Study material>
****************************************

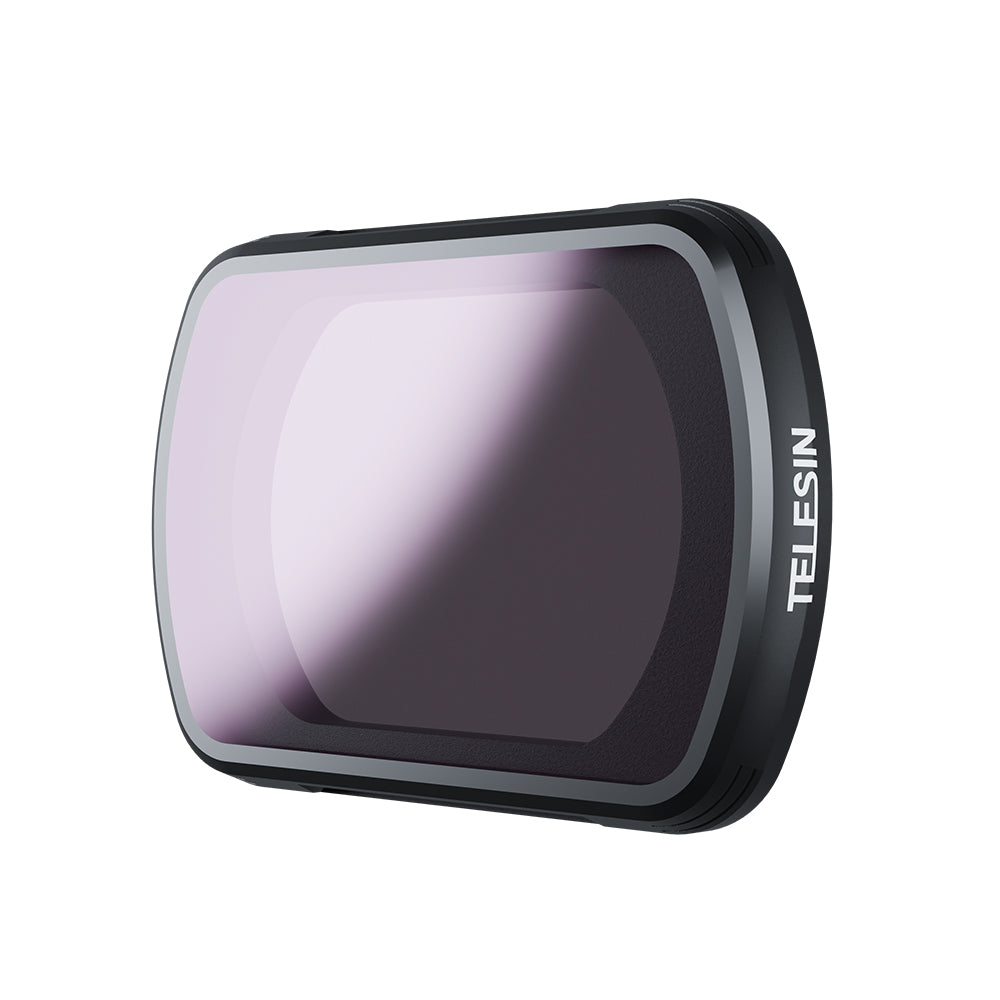 Filtre Black Mist pour DJI Osmo Pocket 3 : Pour des images moelleuses Filtre Black Mist pour DJI Osmo Pocket 3 : Pour des images moelleuses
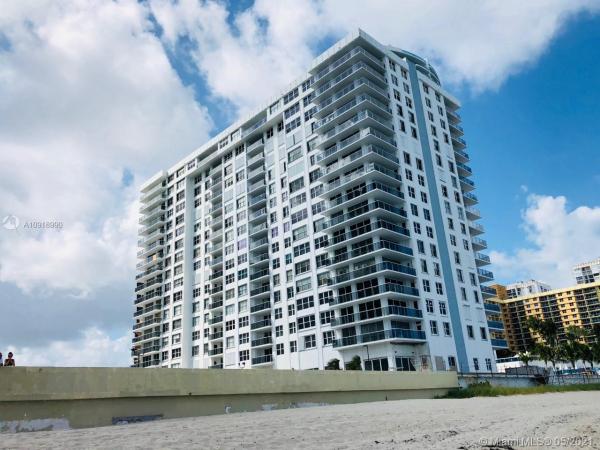 Aquarius, 2751 S Ocean Dr #S408, Hollywood, Florida 33019, image 2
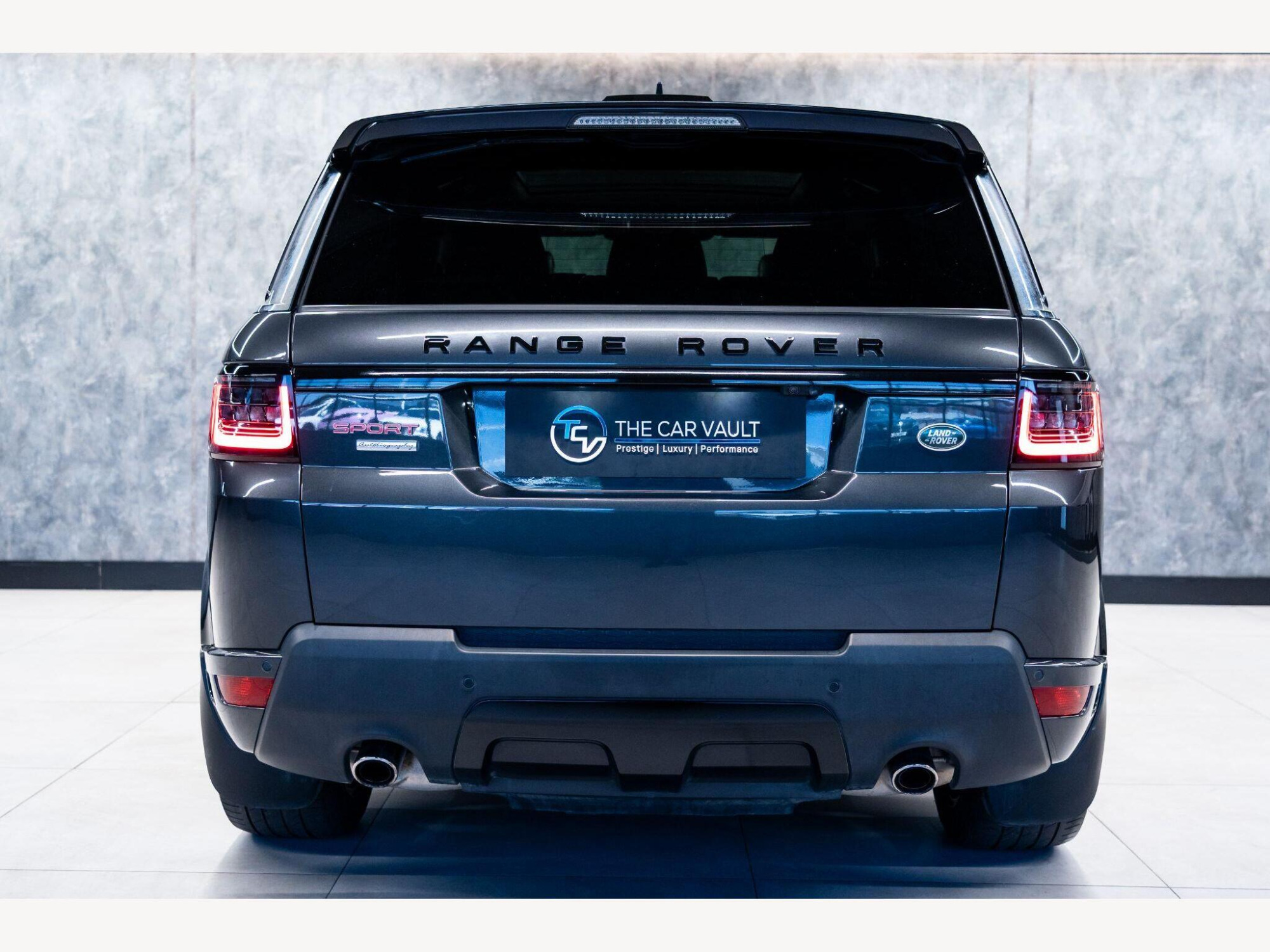 2016 Land Rover Range Rover Sport image 7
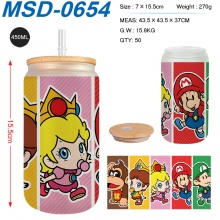MSD-0654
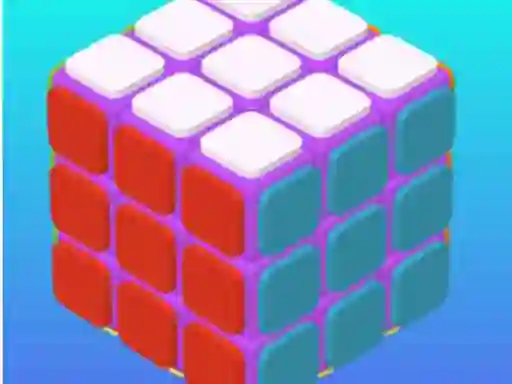 Igra Magic Cube online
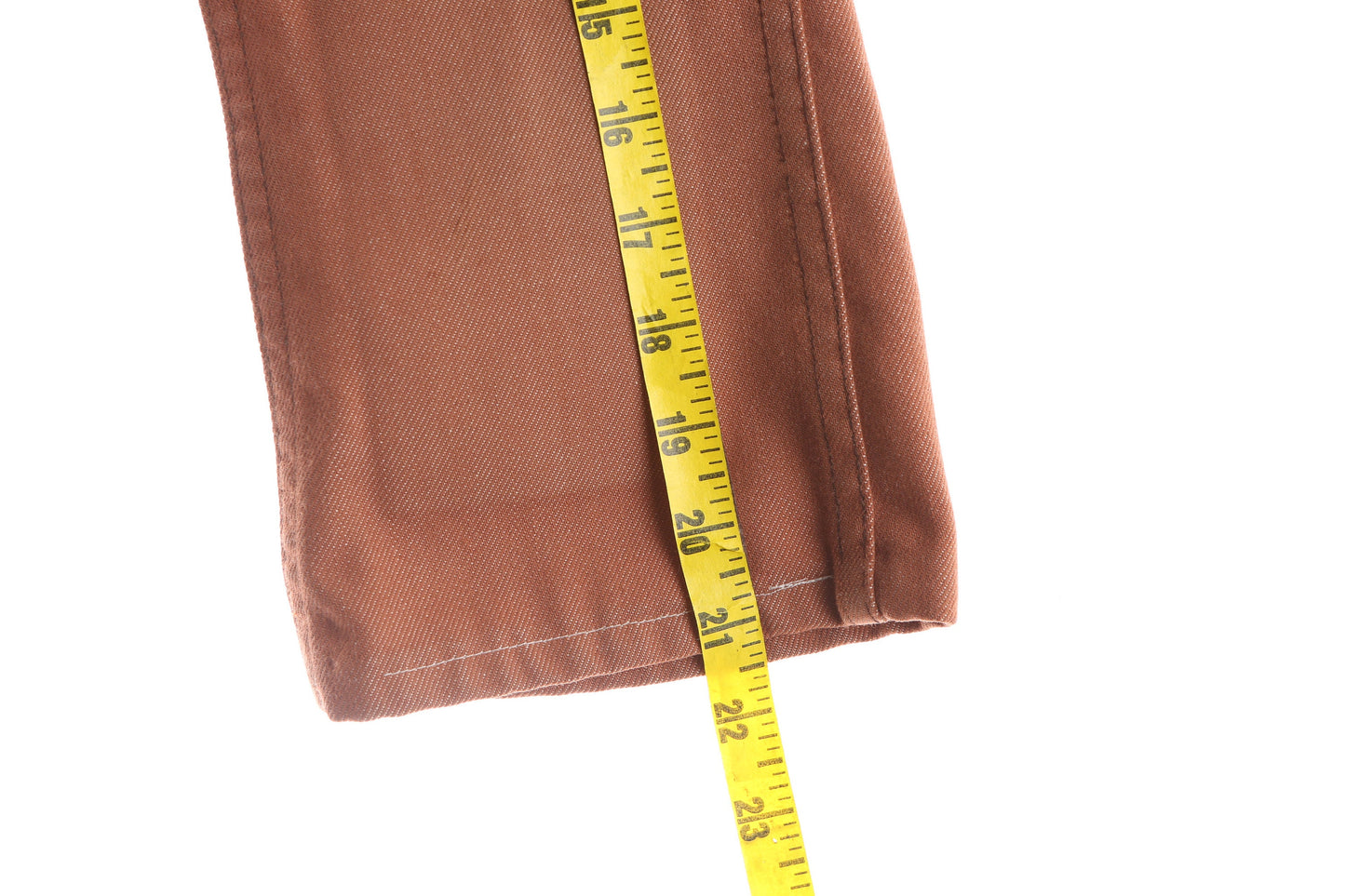 Vintage Kids 70s Pants by Super Denim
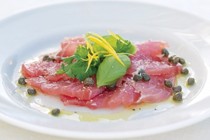 Crudo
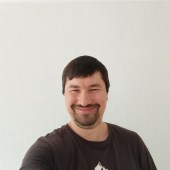 Ахать, 41 год из г.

****************************************

Give back the records above exactly. Pictures stay out.

Result of the task>
 Filtre Black Mist pour DJI Osmo Pocket 3 : Pour des images moelleuses Filtre Black Mist pour DJI Osmo Pocket 3 : Pour des images moelleuses
 Aquarius, 2751 S Ocean Dr #S408, Hollywood, Florida 33019, image 2
 2016 Land Rover Range Rover Sport image 7
MSD-0654
 Igra Magic Cube online
 Vintage Kids 70s Pants by Super Denim
 Crudo
 Ахать, 41 год из г.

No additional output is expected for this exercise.